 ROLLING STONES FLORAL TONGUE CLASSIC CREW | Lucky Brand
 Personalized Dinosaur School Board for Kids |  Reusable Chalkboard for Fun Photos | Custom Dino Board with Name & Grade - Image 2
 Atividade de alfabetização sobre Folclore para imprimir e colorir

* * *

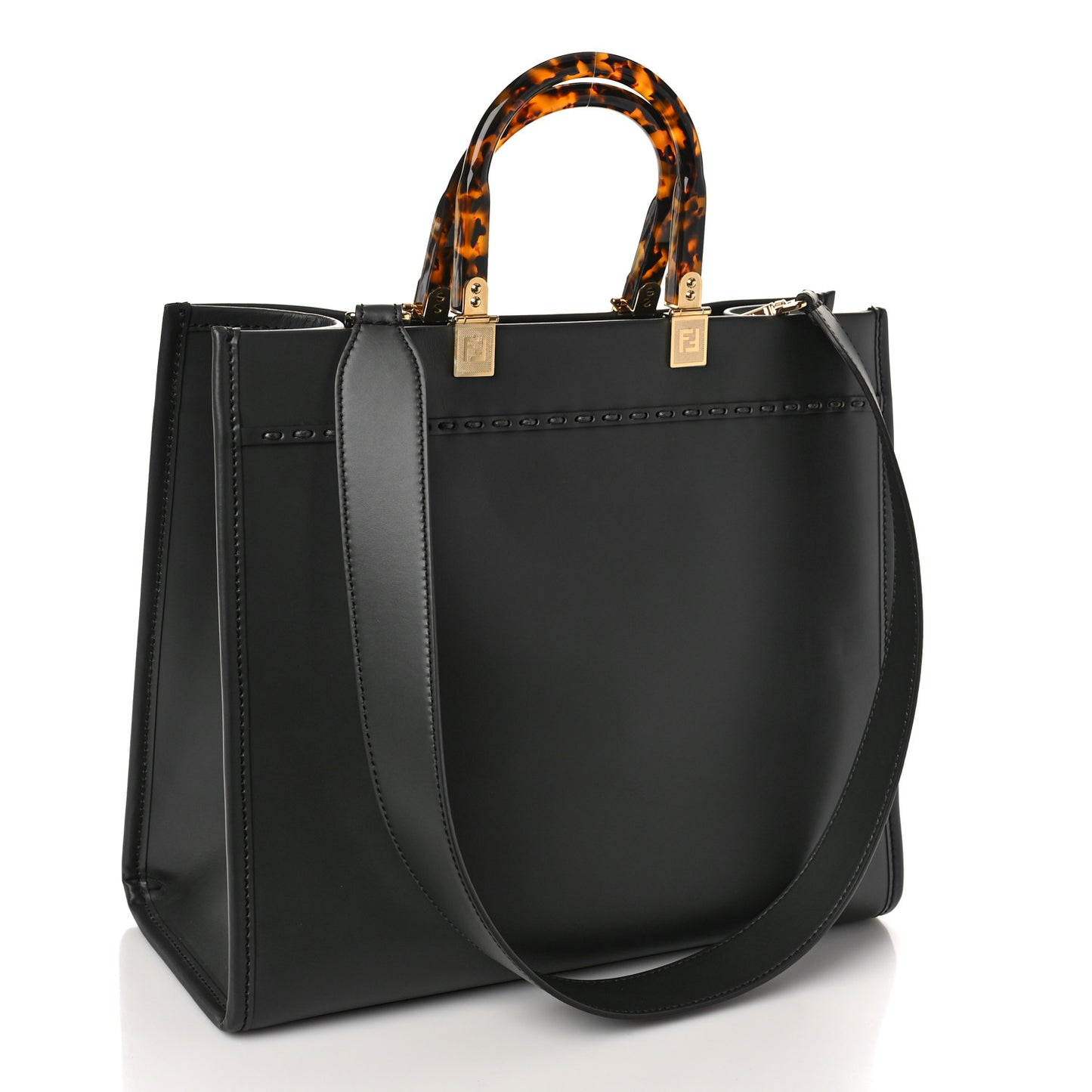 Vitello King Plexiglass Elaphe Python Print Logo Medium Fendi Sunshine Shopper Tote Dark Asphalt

WORK REQUEST >>
Of all the entries above, retype exactly the lines from the line with "Personalized Dinosaur School" to the line with "Atividade de alfabetização", both included, and no others.

ANSWER FOR THE TASK >>
 Personalized Dinosaur School Board for Kids |  Reusable Chalkboard for Fun Photos | Custom Dino Board with Name & Grade - Image 2
 Atividade de alfabetização sobre Folclore para imprimir e colorir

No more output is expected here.